▸ Task description:
From the data below, please reproduce exactly everything from the line that contains "Die Übertragbarkeit von Gestaltungsrechten" down to the line that contains "Grey Solid Denim", with both ends included.

▸ Supplied data:
+===+
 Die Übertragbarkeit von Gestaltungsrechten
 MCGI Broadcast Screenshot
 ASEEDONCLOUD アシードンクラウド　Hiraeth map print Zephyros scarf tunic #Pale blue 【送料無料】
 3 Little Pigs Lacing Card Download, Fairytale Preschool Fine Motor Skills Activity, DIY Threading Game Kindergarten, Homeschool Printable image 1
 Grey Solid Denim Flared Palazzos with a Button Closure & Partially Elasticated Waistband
+===+
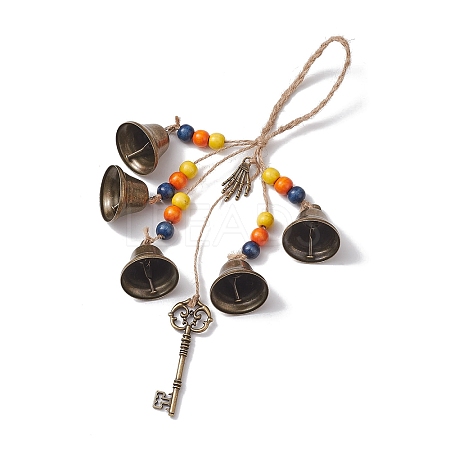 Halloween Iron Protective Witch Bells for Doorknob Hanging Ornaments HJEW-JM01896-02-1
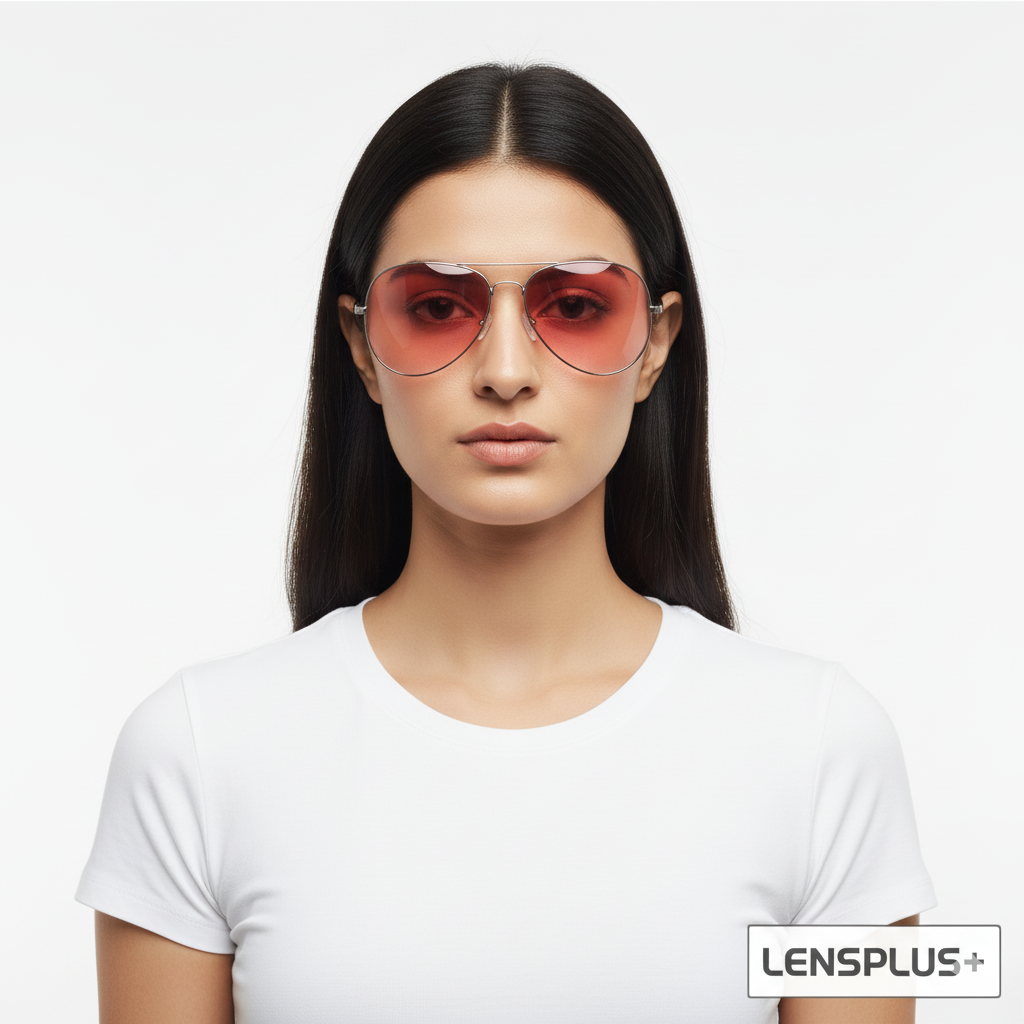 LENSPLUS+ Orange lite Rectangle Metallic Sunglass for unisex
+===+
▸ Result of this task:
 Die Übertragbarkeit von Gestaltungsrechten
 MCGI Broadcast Screenshot
 ASEEDONCLOUD アシードンクラウド　Hiraeth map print Zephyros scarf tunic #Pale blue 【送料無料】
 3 Little Pigs Lacing Card Download, Fairytale Preschool Fine Motor Skills Activity, DIY Threading Game Kindergarten, Homeschool Printable image 1
 Grey Solid Denim Flared Palazzos with a Button Closure & Partially Elasticated Waistband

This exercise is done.